SAN ANTONIO - When Rosemary Almanza returned home from a trip to Perales Elementary school in the Edgewood Independent School District, she was quite surprised to find Fox San Antonio’s Ryan Wolf waiting for her outside a neighbor’s home.
“Any idea what's going on?” he asked with a smile.
“No,” she said with a shocked look on her face.
Almanza is widow who survived a difficult bout with Covid-19 in 2020. It’s the same year she lost her husband after he suffered a heart attack during the height of the pandemic.
“I don't wish that for nobody,” she explained. “So we got to love each other and help each other."

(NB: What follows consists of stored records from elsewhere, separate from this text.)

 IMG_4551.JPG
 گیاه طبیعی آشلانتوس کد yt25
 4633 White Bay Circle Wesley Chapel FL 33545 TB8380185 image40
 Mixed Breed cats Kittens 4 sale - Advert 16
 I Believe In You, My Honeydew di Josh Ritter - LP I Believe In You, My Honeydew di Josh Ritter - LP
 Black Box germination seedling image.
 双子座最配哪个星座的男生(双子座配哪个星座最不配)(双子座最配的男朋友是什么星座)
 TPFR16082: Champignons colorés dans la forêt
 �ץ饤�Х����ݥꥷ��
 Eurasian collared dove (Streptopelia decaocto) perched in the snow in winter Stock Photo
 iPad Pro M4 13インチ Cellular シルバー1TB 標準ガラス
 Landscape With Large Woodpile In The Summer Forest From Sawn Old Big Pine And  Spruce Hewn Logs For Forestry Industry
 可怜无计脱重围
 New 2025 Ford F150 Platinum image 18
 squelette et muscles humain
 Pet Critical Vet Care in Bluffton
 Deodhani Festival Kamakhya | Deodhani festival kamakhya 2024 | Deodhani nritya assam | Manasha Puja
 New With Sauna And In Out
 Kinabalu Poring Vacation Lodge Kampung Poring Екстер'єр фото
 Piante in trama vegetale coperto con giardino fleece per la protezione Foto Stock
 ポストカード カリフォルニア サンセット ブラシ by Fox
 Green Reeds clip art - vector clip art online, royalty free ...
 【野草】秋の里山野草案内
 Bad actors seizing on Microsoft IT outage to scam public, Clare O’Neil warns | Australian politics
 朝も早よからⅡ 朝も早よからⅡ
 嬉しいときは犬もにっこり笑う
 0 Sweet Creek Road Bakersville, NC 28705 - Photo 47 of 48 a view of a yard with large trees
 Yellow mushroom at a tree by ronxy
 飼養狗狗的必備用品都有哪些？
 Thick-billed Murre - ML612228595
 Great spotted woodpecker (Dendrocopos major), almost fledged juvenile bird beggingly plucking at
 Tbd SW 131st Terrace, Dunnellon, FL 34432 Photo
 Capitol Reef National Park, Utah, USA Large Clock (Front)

To help cope with the loss after 30 years of marriage, Almanza has been doing random acts of kindness.
“It amazes me that there's people you know, out there still," Darla Sanchez said.
Her neighbor has been helping her with rides to school for her kids.
“I would tell her, you know, when she would take me to pick up the kids, I would tell her how scared I was, especially with my surgeries," Sanchez recalled.
Almanza said she put herself in Sanchez’s shoes and realized the help she needed with her own kids, who are now all grown up.
“When I was younger, and I started having four kids, it was hard,” she explained to Wolf. “It was hard."
Sanchez’s husband Jesse shared news of his wife’s cancer diagnosis with their neighbor around the time of her first surgery for cervical cancer. They were involved in a wreck that totaled her car shortly thereafter. Almanza offered to step in.
“I prayed and I asked God that I needed help and I couldn't do it by myself," Darla’s husband, a truck driver said. “One day, he put Rosemary in my path, you know, and that's when I knew that my prayers and had been answered by God."
Like clockwork over the last month, Almanza has picked up the kids at 7:15 am and then brought them home at 4:15 pm. But on a return trip in October, Wolf waited to surprise her with CASH FOR KINDNESS.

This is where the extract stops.